I've got a DESeq2 design matrix question.
I have two groups of mice, young and old.
Mice in both groups have been given of 3 different treatments (control treatment (treatment zero), and two treatments of interest (treatment1 and treatment2). Some of the treated mice show a response to the treatment, some do not. The control treatment mice never show a response.
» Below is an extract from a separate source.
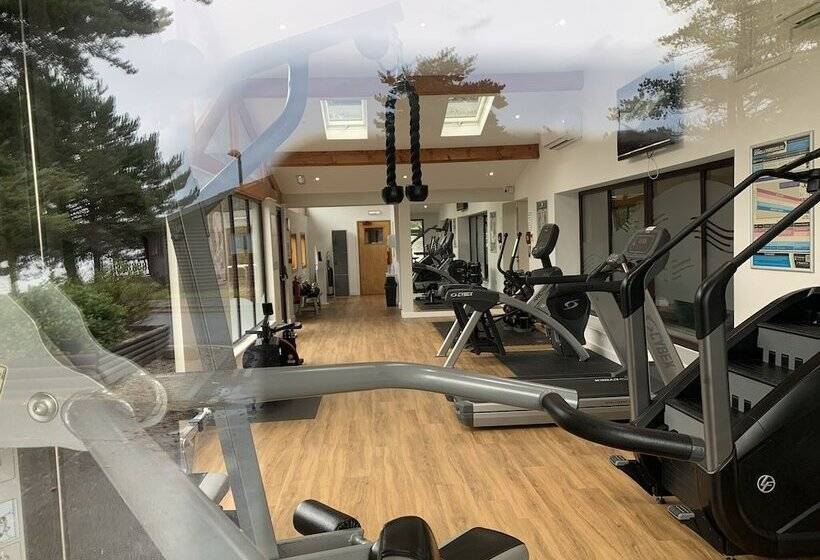 ホテル Keer Side Lodge, Luxury Lodge With Private Hot Tub At Pine Lake Resort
Some of the old mice do not respond to one treatment.
I'd like to pull out:
1) the DEGs after treatment1 compared to treatment0 in young mice specific to the repsonse
2) the DEGs after treatment2 compared to treatment0 in young mice specific to the repsonse
3) the DEGs after treatment1 compared to treatment0 in old mice specific to the repsonse
4) the DEGs after treatment1 compared to treatment0 in old mice specific to the response
1) the differences between 1) and 3) (i.e. some sort of interaction term)
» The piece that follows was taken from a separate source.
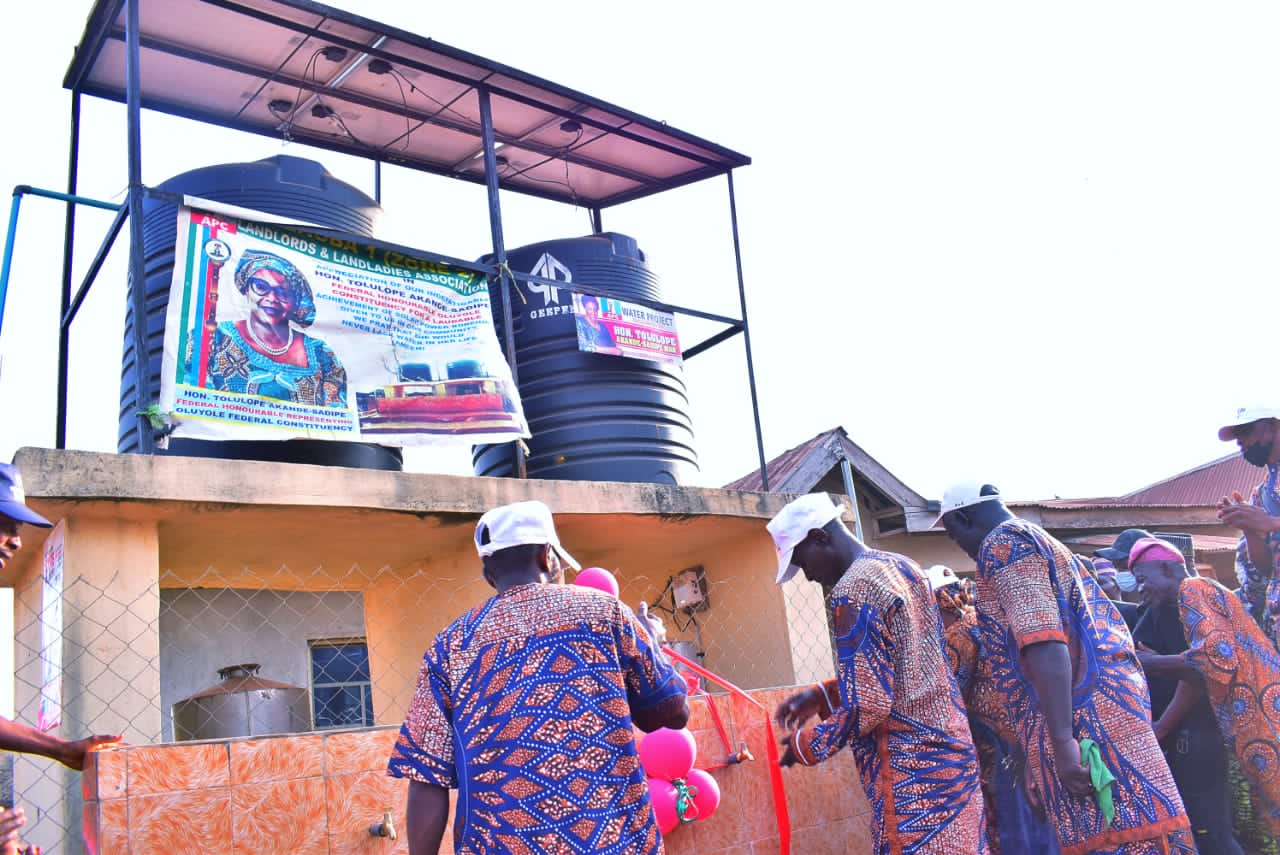Lawmaker Commissions Seven Transformers, Five Boreholes, School Projects in Oluyole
1) the differences between 2) and 4) (i.e. some sort of interaction term)
I know how to do all of this without addressing the response (i.e. as a simple interaction term based design of ~age+treatment +age:treatment) but I have no clue how to address the response variable and get only genes that are changing in the the responding mice.
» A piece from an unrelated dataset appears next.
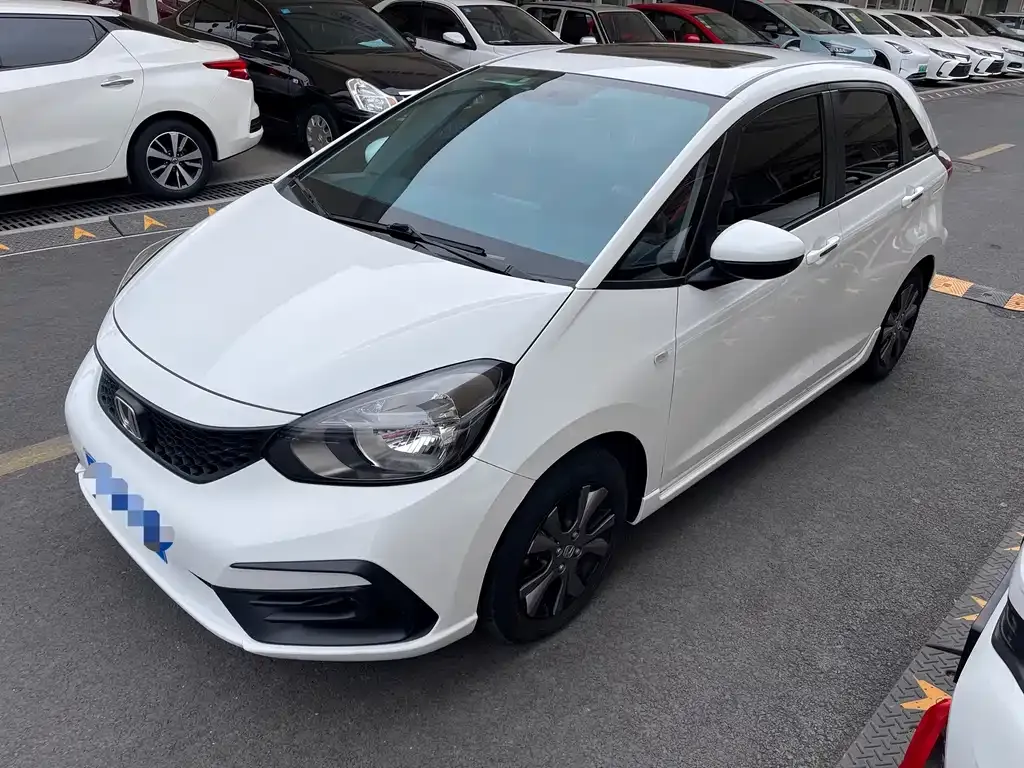 Honda Fit — фото 1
Is there a way to do this all in one design or should I be looking to split it up somehow?
Here's the metadata:
| age | treatment | response |
| Old | treatment0 | no_response |
| Old | treatment0 | no_response |
| Old | treatment0 | no_response |
| Old | treatment0 | no_response |
| Old | treatment0 | no_response |
| Old | treatment0 | no_response |
| Old | treatment0 | no_response |
| Old | treatment1 | no_response |
| Old | treatment1 | no_response |
| Old | treatment1 | no_response |
| Old | treatment1 | no_response |
| Old | treatment1 | no_response |
| Old | treatment1 | no_response |
| Old | treatment1 | no_response |
| Old | treatment1 | no_response |
| Old | treatment2 | no_response |
| Old | treatment2 | no_response |
| Old | treatment2 | no_response |
| Old | treatment2 | no_response |
| Old | treatment2 | no_response |
| Old | treatment2 | no_response |
| Old | treatment2 | reponse |
| Old | treatment2 | reponse |
| Young | treatment0 | no_response |
| Young | treatment0 | no_response |
| Young | treatment0 | no_response |
| Young | treatment0 | no_response |
| Young | treatment0 | no_response |
| Young | treatment0 | no_response |
| Young | treatment0 | no_response |
| Young | treatment1 | no_response |
| Young | treatment1 | no_response |
| Young | treatment1 | no_response |
| Young | treatment1 | no_response |
| Young | treatment1 | no_response |
| Young | treatment1 | reponse |
| Young | treatment1 | reponse |
| Young | treatment1 | reponse |
| Young | treatment1 | reponse |
| Young | treatment1 | reponse |
| Young | treatment1 | reponse |
| Young | treatment1 | response |
| Young | treatment2 | no_response |
| Young | treatment2 | no_response |
| Young | treatment2 | no_response |
| Young | treatment2 | no_response |
| Young | treatment2 | reponse |
| Young | treatment2 | reponse |
| Young | treatment2 | reponse |
| Young | treatment2 | reponse |
| Young | treatment2 | reponse |
| Young | treatment2 | reponse |
Thanks,
John
No, the responder status is a separate phenotype (whether the tumor regresses (response) after treatment or not (no_response))
Hmm, there is a bit of an issue here in splitting the samples based on a random effect. I see what you want to do though. I mean a practical approach, not dealing with the random effect problem, would be to have treatment with levels: control, trt1no, trt1yes, trt2no, trt2yes. There will be some fixing to do here, because you don't have old mice who are responders to trt1, so you can't fix that interaction term with age. You will have to remove such terms from the model.matrix manually (see vignette for code on that).
You could also think about using mixed effects models, but this isn't built in to DESeq2 obviously.
So, in general you're suggesting making a custom matrix, dropping out columns that are unrepresented in the metadata and then making contrasts to get at what I'm interested in?
After recoding the `treatment` variable, yes. From scanning, I think it's just one interaction that will have no samples to fit it, but you'll want to take a look at the model matrix.
Great! I should be good to go from here. Thanks!